An exact copy of all the data below is needed, without its pictures.

EXERCISE DATA
• • •

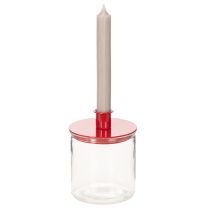 Article Bougeoirs compacts en métal rouge pour bougies coniques de 10 cm, lot de 2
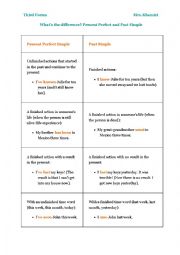 English Worksheet: The present perfect vs the simple past tense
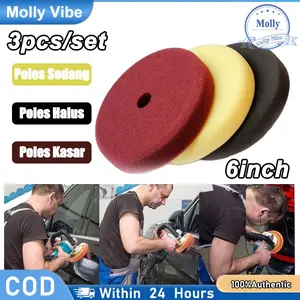 1/3Pcs Foam Pad Spon Busa Poles Mesin DA Eksentrik 6Inch Buffing Pad untuk Mobil Rumah Poles Waxing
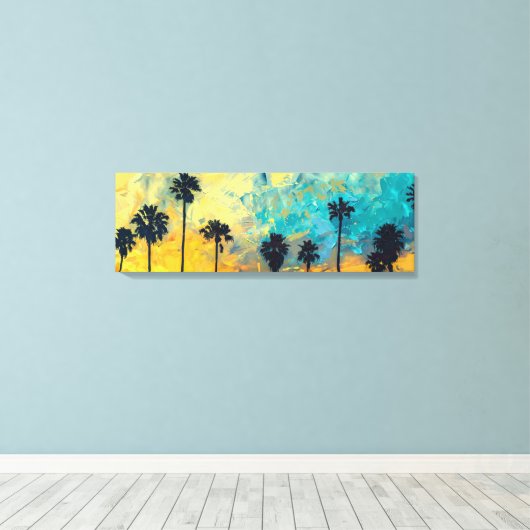Kustzonsondergang palmen verpakte canvas kunst (Insitu (Houten vloer))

• • •

RESPONSE TO THIS EXERCISE
 Article Bougeoirs compacts en métal rouge pour bougies coniques de 10 cm, lot de 2
 English Worksheet: The present perfect vs the simple past tense
 1/3Pcs Foam Pad Spon Busa Poles Mesin DA Eksentrik 6Inch Buffing Pad untuk Mobil Rumah Poles Waxing
Kustzonsondergang palmen verpakte canvas kunst (Insitu (Houten vloer))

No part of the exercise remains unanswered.